▶ [Problem requirements]: Repeat the entries exactly, keeping every line as it is.

▶ [Task data]:
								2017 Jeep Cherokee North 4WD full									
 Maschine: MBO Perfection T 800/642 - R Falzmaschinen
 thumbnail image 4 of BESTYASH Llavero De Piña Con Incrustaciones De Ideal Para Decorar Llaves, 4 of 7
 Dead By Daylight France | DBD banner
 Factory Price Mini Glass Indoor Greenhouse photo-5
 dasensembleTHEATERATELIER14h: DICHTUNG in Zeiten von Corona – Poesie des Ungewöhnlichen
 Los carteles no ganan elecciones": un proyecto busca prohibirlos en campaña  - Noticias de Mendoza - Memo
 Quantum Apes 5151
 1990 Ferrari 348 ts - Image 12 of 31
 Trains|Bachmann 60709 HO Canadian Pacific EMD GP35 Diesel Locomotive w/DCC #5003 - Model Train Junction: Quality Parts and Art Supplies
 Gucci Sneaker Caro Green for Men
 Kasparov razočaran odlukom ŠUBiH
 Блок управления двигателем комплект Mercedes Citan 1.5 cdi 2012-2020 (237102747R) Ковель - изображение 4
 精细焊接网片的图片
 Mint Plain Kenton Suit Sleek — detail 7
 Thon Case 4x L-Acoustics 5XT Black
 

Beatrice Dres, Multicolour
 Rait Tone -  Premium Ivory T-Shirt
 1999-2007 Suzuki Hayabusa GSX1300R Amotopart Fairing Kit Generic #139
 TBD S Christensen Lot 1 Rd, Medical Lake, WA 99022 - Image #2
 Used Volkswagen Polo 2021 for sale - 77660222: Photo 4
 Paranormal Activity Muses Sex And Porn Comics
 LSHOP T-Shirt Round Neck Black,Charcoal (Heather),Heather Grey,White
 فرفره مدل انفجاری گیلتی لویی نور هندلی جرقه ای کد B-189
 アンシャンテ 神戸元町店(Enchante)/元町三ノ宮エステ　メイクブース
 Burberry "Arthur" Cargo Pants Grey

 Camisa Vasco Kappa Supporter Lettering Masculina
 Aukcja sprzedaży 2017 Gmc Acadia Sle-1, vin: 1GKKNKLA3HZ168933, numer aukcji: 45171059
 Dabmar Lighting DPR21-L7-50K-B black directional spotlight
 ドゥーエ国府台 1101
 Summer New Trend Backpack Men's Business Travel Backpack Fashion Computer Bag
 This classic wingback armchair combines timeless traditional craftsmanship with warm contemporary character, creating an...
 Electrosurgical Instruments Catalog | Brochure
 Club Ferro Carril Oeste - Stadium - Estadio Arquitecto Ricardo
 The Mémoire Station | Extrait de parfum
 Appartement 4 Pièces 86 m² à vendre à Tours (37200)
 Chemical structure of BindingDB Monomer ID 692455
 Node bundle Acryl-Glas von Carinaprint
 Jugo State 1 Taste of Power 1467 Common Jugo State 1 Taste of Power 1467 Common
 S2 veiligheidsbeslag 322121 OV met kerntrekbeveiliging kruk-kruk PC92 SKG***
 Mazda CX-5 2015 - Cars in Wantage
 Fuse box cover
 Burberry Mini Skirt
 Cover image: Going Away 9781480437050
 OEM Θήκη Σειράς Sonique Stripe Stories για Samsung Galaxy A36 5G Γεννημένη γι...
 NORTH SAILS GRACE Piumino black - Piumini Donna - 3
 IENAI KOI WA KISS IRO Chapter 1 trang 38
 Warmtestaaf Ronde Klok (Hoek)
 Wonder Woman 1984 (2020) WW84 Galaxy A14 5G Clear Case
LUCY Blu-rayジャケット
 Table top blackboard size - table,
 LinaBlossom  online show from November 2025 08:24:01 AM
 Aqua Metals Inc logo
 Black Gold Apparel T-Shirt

▶ [Solution to this exercise]:
								2017 Jeep Cherokee North 4WD full									
 Maschine: MBO Perfection T 800/642 - R Falzmaschinen
 thumbnail image 4 of BESTYASH Llavero De Piña Con Incrustaciones De Ideal Para Decorar Llaves, 4 of 7
 Dead By Daylight France | DBD banner
 Factory Price Mini Glass Indoor Greenhouse photo-5
 dasensembleTHEATERATELIER14h: DICHTUNG in Zeiten von Corona – Poesie des Ungewöhnlichen
 Los carteles no ganan elecciones": un proyecto busca prohibirlos en campaña  - Noticias de Mendoza - Memo
 Quantum Apes 5151
 1990 Ferrari 348 ts - Image 12 of 31
 Trains|Bachmann 60709 HO Canadian Pacific EMD GP35 Diesel Locomotive w/DCC #5003 - Model Train Junction: Quality Parts and Art Supplies
 Gucci Sneaker Caro Green for Men
 Kasparov razočaran odlukom ŠUBiH
 Блок управления двигателем комплект Mercedes Citan 1.5 cdi 2012-2020 (237102747R) Ковель - изображение 4
 精细焊接网片的图片
 Mint Plain Kenton Suit Sleek — detail 7
 Thon Case 4x L-Acoustics 5XT Black
 

Beatrice Dres, Multicolour
 Rait Tone -  Premium Ivory T-Shirt
 1999-2007 Suzuki Hayabusa GSX1300R Amotopart Fairing Kit Generic #139
 TBD S Christensen Lot 1 Rd, Medical Lake, WA 99022 - Image #2
 Used Volkswagen Polo 2021 for sale - 77660222: Photo 4
 Paranormal Activity Muses Sex And Porn Comics
 LSHOP T-Shirt Round Neck Black,Charcoal (Heather),Heather Grey,White
 فرفره مدل انفجاری گیلتی لویی نور هندلی جرقه ای کد B-189
 アンシャンテ 神戸元町店(Enchante)/元町三ノ宮エステ　メイクブース
 Burberry "Arthur" Cargo Pants Grey

 Camisa Vasco Kappa Supporter Lettering Masculina
 Aukcja sprzedaży 2017 Gmc Acadia Sle-1, vin: 1GKKNKLA3HZ168933, numer aukcji: 45171059
 Dabmar Lighting DPR21-L7-50K-B black directional spotlight
 ドゥーエ国府台 1101
 Summer New Trend Backpack Men's Business Travel Backpack Fashion Computer Bag
 This classic wingback armchair combines timeless traditional craftsmanship with warm contemporary character, creating an...
 Electrosurgical Instruments Catalog | Brochure
 Club Ferro Carril Oeste - Stadium - Estadio Arquitecto Ricardo
 The Mémoire Station | Extrait de parfum
 Appartement 4 Pièces 86 m² à vendre à Tours (37200)
 Chemical structure of BindingDB Monomer ID 692455
 Node bundle Acryl-Glas von Carinaprint
 Jugo State 1 Taste of Power 1467 Common Jugo State 1 Taste of Power 1467 Common
 S2 veiligheidsbeslag 322121 OV met kerntrekbeveiliging kruk-kruk PC92 SKG***
 Mazda CX-5 2015 - Cars in Wantage
 Fuse box cover
 Burberry Mini Skirt
 Cover image: Going Away 9781480437050
 OEM Θήκη Σειράς Sonique Stripe Stories για Samsung Galaxy A36 5G Γεννημένη γι...
 NORTH SAILS GRACE Piumino black - Piumini Donna - 3
 IENAI KOI WA KISS IRO Chapter 1 trang 38
 Warmtestaaf Ronde Klok (Hoek)
 Wonder Woman 1984 (2020) WW84 Galaxy A14 5G Clear Case
LUCY Blu-rayジャケット
 Table top blackboard size - table,
 LinaBlossom  online show from November 2025 08:24:01 AM
 Aqua Metals Inc logo
 Black Gold Apparel T-Shirt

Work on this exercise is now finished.